Guntur mengkritik keras pendekatan pemerintah pusat yang menurutnya terlalu sentralistik dalam pengelolaan subsidi pupuk.
Ia menilai, pusat tidak memahami kebutuhan spesifik petani di Kalimantan Timur yang memiliki tanah dengan kandungan zat asam dan zat besi tinggi berbeda dengan Pulau Jawa yang cenderung memiliki tanah berkapur.
“Kalau di Jawa mungkin pupuk urea atau TSP bisa dipakai tiga kali musim tanam. Tapi di Kaltim, tidak bisa seperti itu. Kami butuh kapur dulu untuk menetralkan tanah. Jadi kalau pusat kasih urea terus, percuma petani kami butuhnya pupuk lain. Akhirnya mubazir, uang negara juga yang rugi,” kata Guntur.

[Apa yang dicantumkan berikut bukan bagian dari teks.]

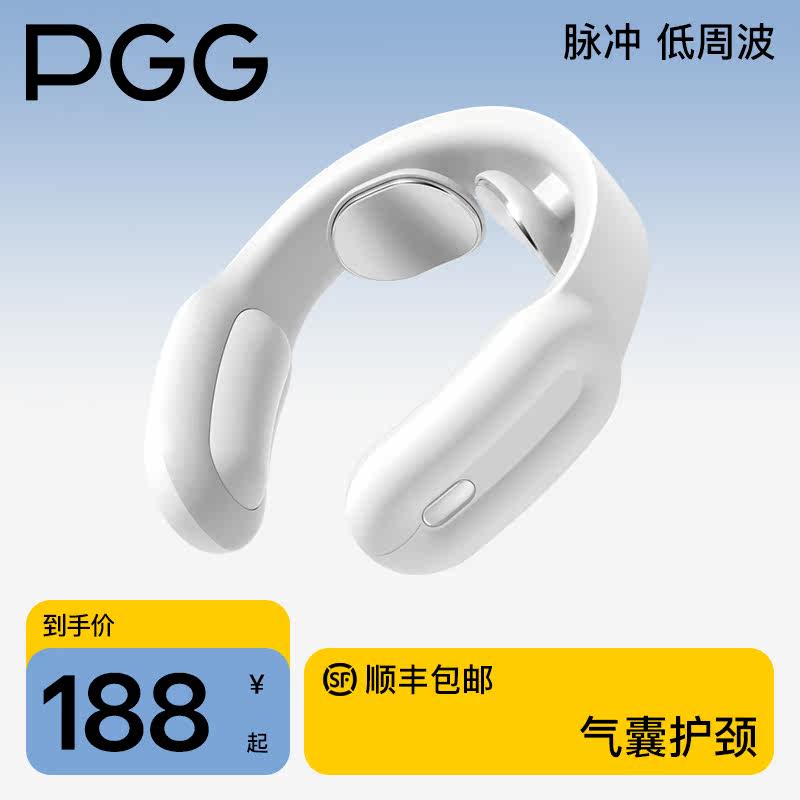 PGG Intelligent Cervical Massage Neck Pain Low Frequency Pulse Multi-Functional Knocking Artificial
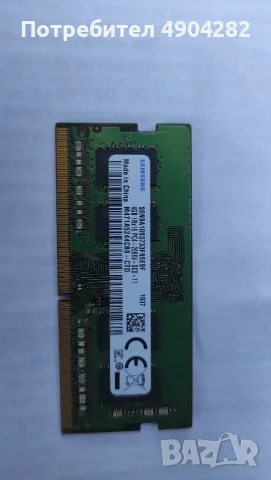 ram памет ddr4 2660 4gb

Ia menegaskan kebutuhan pertanian tidak bisa digeneralisasi secara nasional karena setiap desa bahkan kecamatan memiliki kondisi agronomis yang berbeda.
Menurutnya, hal ini menjadi hambatan besar dalam upaya mencapai swasembada pangan yang digaungkan pemerintah pusat.
Dalam pandangannya, solusi terbaik adalah dengan mendesentralisasikan kewenangan distribusi pupuk ke pemerintah daerah.
Pemerintah kabupaten disebutnya lebih memahami kebutuhan petani secara langsung, sedangkan provinsi bisa memberikan dukungan tambahan berupa pupuk atau bantuan alat dan teknologi pertanian (alsintan).
“Kalau pusat mau swasembada pangan, pusat harus turun ke bawah. Temui kelompok tani di desa-desa. Tahu betul nggak sih pusat itu, petani butuh apa? Jangan hanya minta kami mengawasi,” ucap Guntur.
Ia juga mengajak semua tingkatan pemerintahan untuk bersinergi dan berbagi peran dalam membangun kedaulatan pangan.
“Kalau kabupaten bisa bantu bibit, provinsi bantu pupuknya, dan pusat bantu alsintannya, baru itu namanya kolaborasi. Tapi kalau semua diambil pusat, percuma. Anak-anak muda juga nggak akan tertarik jadi petani,” tuturnya.
Guntur menilai pendekatan top-down dari pusat dalam penyaluran pupuk rawan menyebabkan ketidaksesuaian dan pemborosan.
Ia menekankan perlunya kebijakan yang lebih adaptif dan berbasis kebutuhan lokal. “Sekarang coba tanya, berapa banyak pupuk subsidi yang nggak kepakai di Kaltim karena nggak cocok dengan tanah kita? Itu uang rakyat,” tegasnya.
Guntur mengajak seluruh pihak baik eksekutif maupun legislatif di tingkat provinsi dan kabupaten/kota untuk memperjuangkan perubahan kebijakan pupuk subsidi kepada pemerintah pusat.
Ia berharap Kaltim bisa memiliki kewenangan yang lebih besar dalam mengatur kebijakan pertaniannya sendiri.